If Hock is hired, a newly created job description for interim city manager would require him to move into Joliet within a week after being appointed and “be available around the clock.”
The council agenda for Monday and Tuesday includes votes on both an employment agreement with Hock and the position’s job description.
Hock is being considered amid a shake-up in the city manager’s office, which has been occupied on an interim basis since October when former City Manager David Hales left after less than a year on the job.

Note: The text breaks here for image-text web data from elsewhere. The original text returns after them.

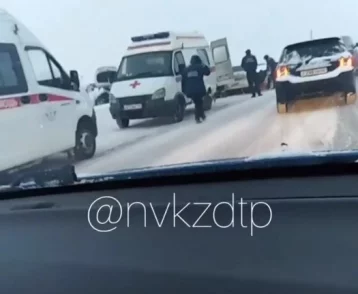 Фото: Три человека серьёзно пострадали в ДТП на шестом километре трассы Кузнецк — Запсиб 1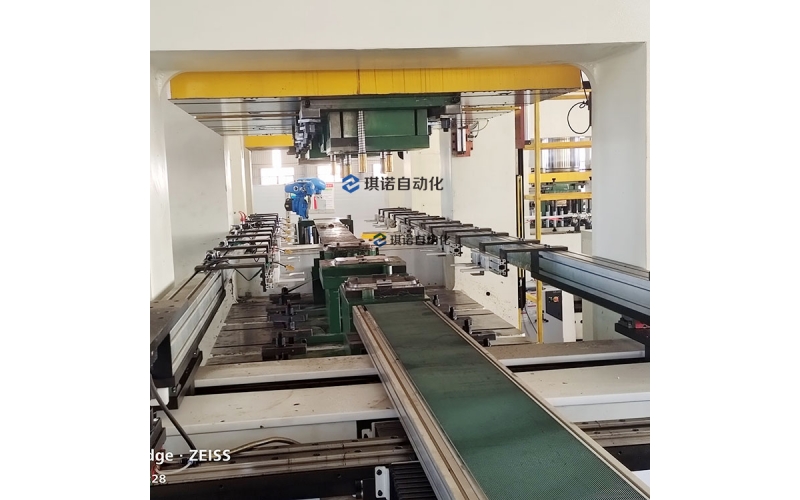 單機(jī)多工位機(jī)械手與多臺(tái)連線沖壓機(jī)械手的區(qū)別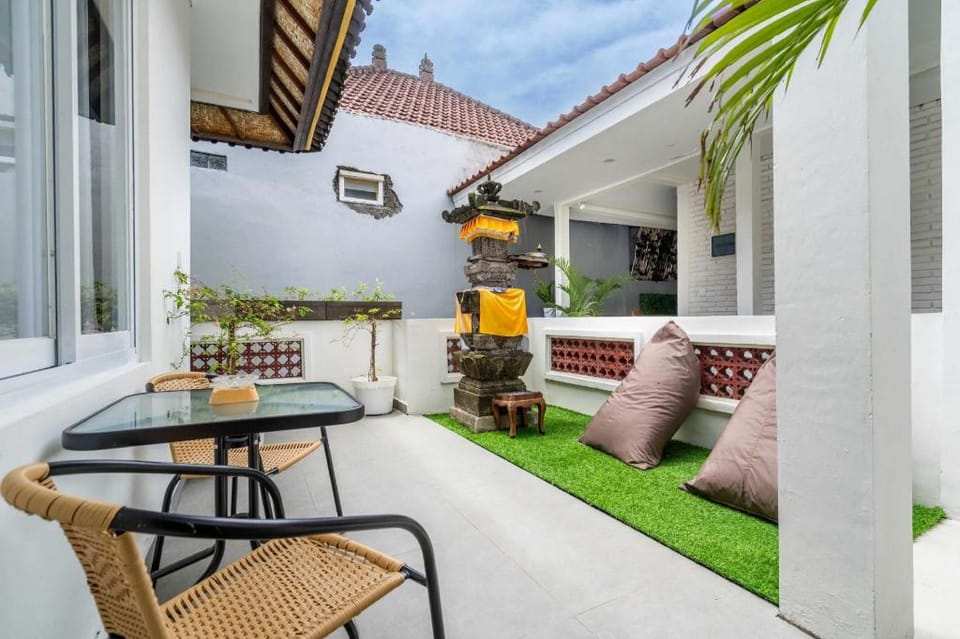 Bali Bay By Urban Haven Bed and Breakfast in Denpasar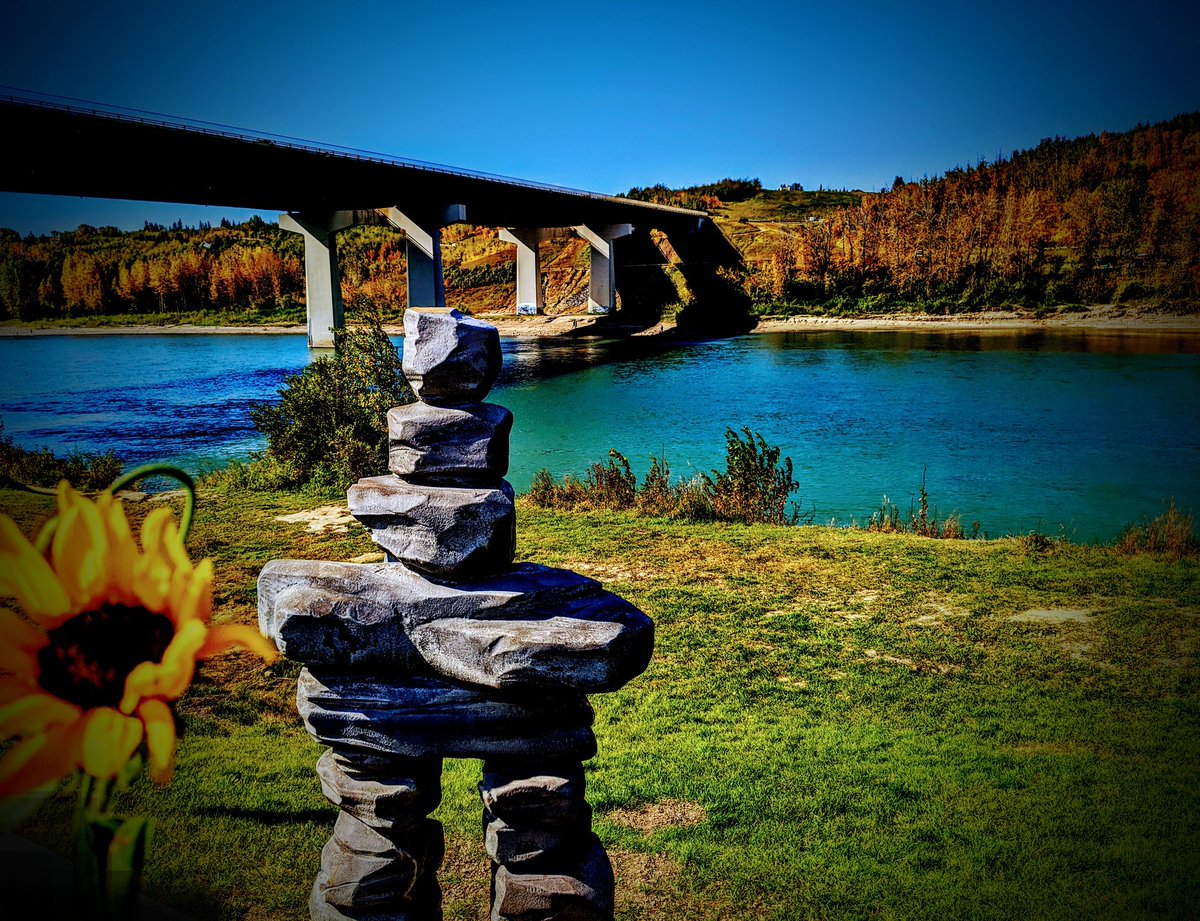 LKeindel's tweet photo. @mikesobel Legend has it that when the leaves turn gold on the #NorthSaskatchewanRiver #dinosaurs appear to take selfies by the #DevonBridge & #LionsPark! Children should not go for walks with baloney in their shoes at this treacherous time. @GlobalEdmonton https://t.co/iBNdqMcUxy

City Attorney Martin Shanahan had filled in on an interim basis until June 18, when a council majority removed him from the job after Mayor Bob O’Dekirk and a council minority had urged promoting him to the position permanently. Since then, Deputy City Manager Steve Jones has filled the role as interim city manager.
Jones told the Land Use and Legislative Committee on Wednesday that staff was still in the process of negotiating an employment agreement with Hock.
The political division over the recent developments was evident as the committee considered job descriptions for the city manager job.
“We don’t want Hock, so there you have it,” council member Jan Quillman at one point said to council member Don Dickinson.
Dickinson is part of the majority that removed Shanahan and supports bringing back Hock as an interim city manager while Joliet searches for a permanent city manager. Shanahan’s supporters have objected to hiring Hock.
Quillman focused much of the debate on how available an interim city manager will be on weekends, apparently out of concern that Hock, who now lives in Michigan, will spend much of his time there.
“We don’t want an absent city manager every weekend because they’re going to leave and visit their family,” Quillman said.
The proposed job description requires the interim city manager to “be available around the clock to respond to emergencies.” But Assistant City Attorney Chris Regis said the city couldn’t restrict an employee’s whereabouts during time off.
“You can’t put in a job description that you can’t leave town on weekends,” he said.